The blunted cytokine response to LPS challenge is reminiscent of the endotoxin tolerance (ET) phenomenon, wherein transient hyporesponsiveness to endotoxins (LPS) follows an initial sublethal exposure [31]. However, the long-lasting intergenerational phenotype of MPSI is distinct from ET. Crucially, ET is not a state of total unresponsiveness, because LPS signalling in endotoxin-tolerant cells induces antimicrobial effector functions without concomitant expression of inflammatory cytokines [25]. In this way, the host is protected from a deleterious and potentially fatal cytokine storm (increased tolerance) whilst maintaining antipathogen defences (sustained resistance). In animals, host tolerance has been studied far less extensively than resistance; however, the importance of tolerance strategies for host survival and host-pathogen interactions is becoming increasingly known [32-34]. At a physiological level, we therefore view the current findings as evidence for a novel form of adaptive response [1] whereby maternal experience can lead to an increased level of postnatal tolerance which, within an anticipated pathogen-rich environment, would protect the offspring from the cytotoxic effects of their own frequent inflammatory responses. Cytokine hyporesponsiveness in ET is thought to be regulated at least in part by epigenetic mechanisms [31], just as metabolic responses are evident in diet-mediated developmental programming [28,29]. The molecular mechanisms underlying the blunted cytokine response in the current intergenerational model will be the subject of future research.
Conclusions
In summary, we have identified for the first time that a maternal periconceptional inflammatory response acts as a mediator of developmental programming to preimplantation embryos. This environmental cue not only alters the cellular organisation of the blastocyst but also leads to permanent, gender-specific changes in adult offspring behaviour, adiposity and innate immune reactivity. Adult offspring are hyporesponsive to inflammatory stimuli which may confer host protection from inflammation-associated tissue damage. These findings in an animal model extend the repertoire of environmental conditions that preimplantation embryos are sensitive to and substantiate the need for broader analysis of underlying molecular mechanisms and applicability across species, including humans.
Methods
Animal treatments
With UK Home Office licence and local ethics committee approval, MF1 mice were bred in-house at the University of Southampton Biomedical Research Facility and kept on a 0700 to 1900 hours light cycle with ad libitum access to standard rodent chow. Virgin females (7 to 8.5 weeks old and 27 to 33 g in weight) were naturally mated overnight with MF1 studs. The following morning plug-positive females were housed individually and randomly assigned to receive either sterile saline (0.85%) or one of the following three LPS (Salmonella enterica serovar Enteritidis; Sigma, St Louis, MO, USA) dosages: 10, 50 or 150 μg/kg body weight (freshly prepared on each occasion). Saline or LPS was administered by intraperitoneal injection of 100-μL volumes between 1400 and 1600 hours on the day of plug (that is, at the zygote stage, GD 0.5). Mice were returned to their cages following treatment and were housed individually until required for experiments.
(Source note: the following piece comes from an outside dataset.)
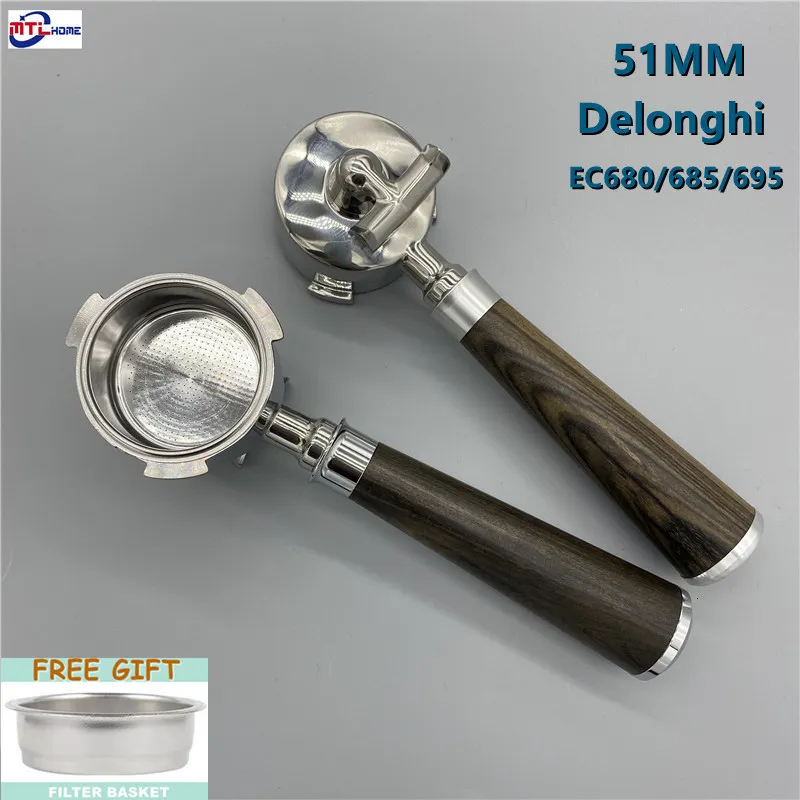 Kaffefilter 51mm Portafilter Double Spout Split Flow Filter Holder för Delonghi Dedica EC680685 Espresso Machine Barista Accessory 230826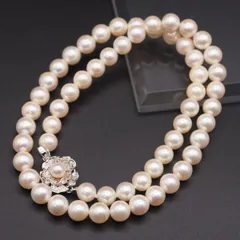 R417 本真珠 7.4ｍｍ珠 パール SILVER刻印 ネックレス デザイン シルバー 6月誕生石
Maternal inflammatory response
A group of mated females were assessed to characterise maternal response to saline (control) or LPS dosages. A subset from each treatment group were assessed for sickness-related behaviour and body weight. At one hour posttreatment, mice underwent an open-field test (see below in Offspring Analyses: Behaviour) to assess locomotor activity. Treated females and their chow and water bottles were weighed at 0, 24, 48 and 72 hours posttreatment to assess body weight and consumption of food and water. Another subset from each treatment group were killed by cervical dislocation at 3, 24, 48 and 72 hours posttreatment, maternal blood was collected by cardiac puncture and serum was aliquoted and stored at -80°C. Maternal serum cytokine profiles were assessed by using the Bio-Plex Pro Mouse Cytokine 23-plex panel (Bio-Rad Laboratories, Hercules, CA, USA).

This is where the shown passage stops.